2) For when you need to match on multiple criteria: {=INDEX(OtherTable[ColumnName of data you want to get],MATCH(1,([@[criteria col1]=OtherTable[matching criteria column]1)* ([@[criteria col2]=OtherTable[matching criteria column2])*(etc.),0,))} <– you get the {} by pressing CTRL + SHIFT + ENTER at the end of the formula to designate an array formula. It will return a whole column of #N/A’s if you don’t! Also, you need to set your table to auto-write or flash-fill formulae to save time.
Finding duplicate entries
Some of the most common mistakes I find in dirty data are duplicate entries the original owners didn’t know they had. This is common when data collectors don’t set their survey platform to not allow duplicate entries. The result is that you will have two different answers for the same person within days or weeks for the same form. If Participant30 took the pretest twice and the posttest once, which pretest entry do you keep?
a) Look for completion first, and if there is a deep disparity, keep the more complete submission.
b) If they are both equally-complete, negotiate with the client on what they believe is the more “valid” response. In my references is a cool study about how this is done in a manufacturing process environment. That is the article by Eckert et al. (2022). If you don’t have access to an institutional library, you may not be able to view it.
Pairwise, listwise, or analysis-specific deletion, and why
When do you use pairwise, listwise, or analysis-specific “deletion”? I will say, in the famous words of Dr. Morrow (https://faculty.utk.edu/Jennifer.Morrow) “It depends”. Each case calls for different handling, and there are several ways to go about this, but these two resources may help:
https://www.ibm.com/support/pages/pairwise-vs-listwise-deletion-what-are-they-and-when-should-i-use-them
TWELVE STEPS OF QUANTITATIVE DATA CLEANING: STRATEGIES FOR DEALING WITH DIRTY DATA by Morrow & Skolits (2017)
Trust, but verify
Last, but not least: what if, just by chance, the original data owners made a data entry error themselves?

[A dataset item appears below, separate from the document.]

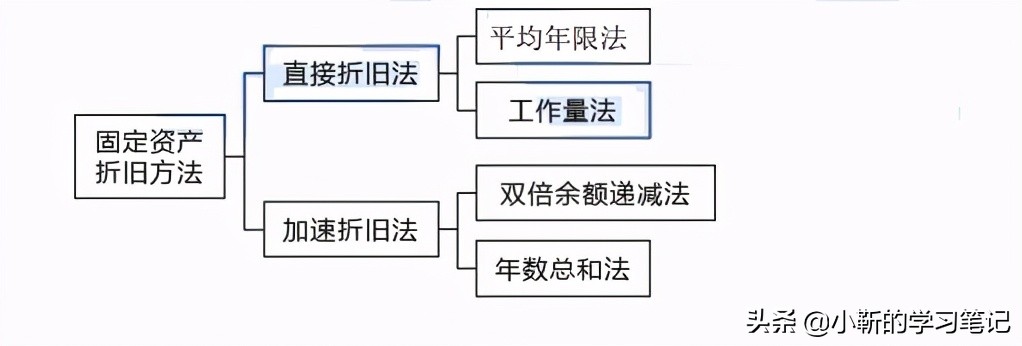 固定资产不得计算折旧扣除有哪些,固定资产被替换部分折旧怎么计算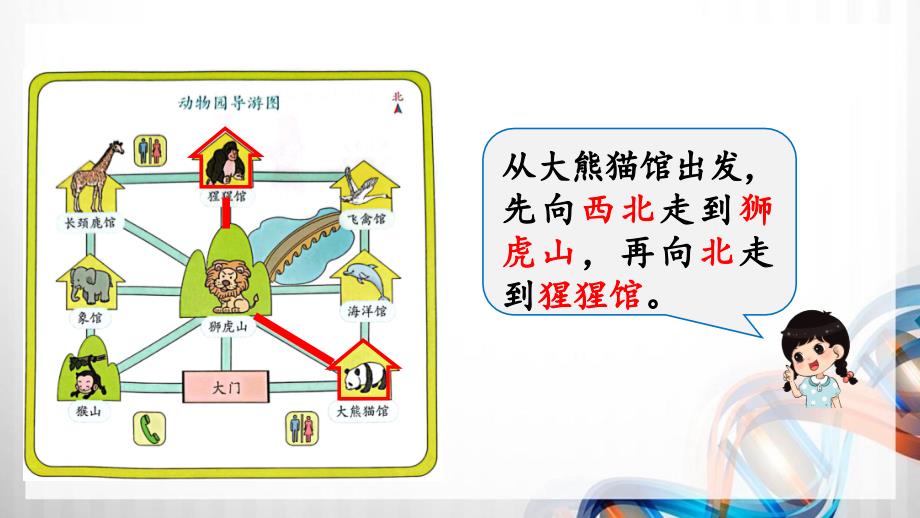 人教版新插图小学三年级数学下册1-4《简单的路线图》课件_第4页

*GASP* “NEVER!” It happens, trust me.
I have encountered cases where, in the same column for the same survey item the categorical data in the cells had “5 – Strongly Agree”, and “5 – Strongly Disagree”, and “1 – Strongly Disagree”. Well, which is the right entry for those participants? The client did not have a copy of the originally developed form, and we had to go back and figure out the original scale, and since there were many entries where the categorical data were overwritten with straight numerical data in the same column (probably an errant “find & replace” operation), it was even harder to determine whether 5’s were positive or negative, and if the “5 – Strongly Disagree” entries were supposed to be “5 – Strongly Agree” or “1 – Strongly Disagree”.
Again, it was a negotiation with the client and a bit of data inference (using Morrow & Skolits, 2017) to help along with (Enders, 2022) to infer their responses.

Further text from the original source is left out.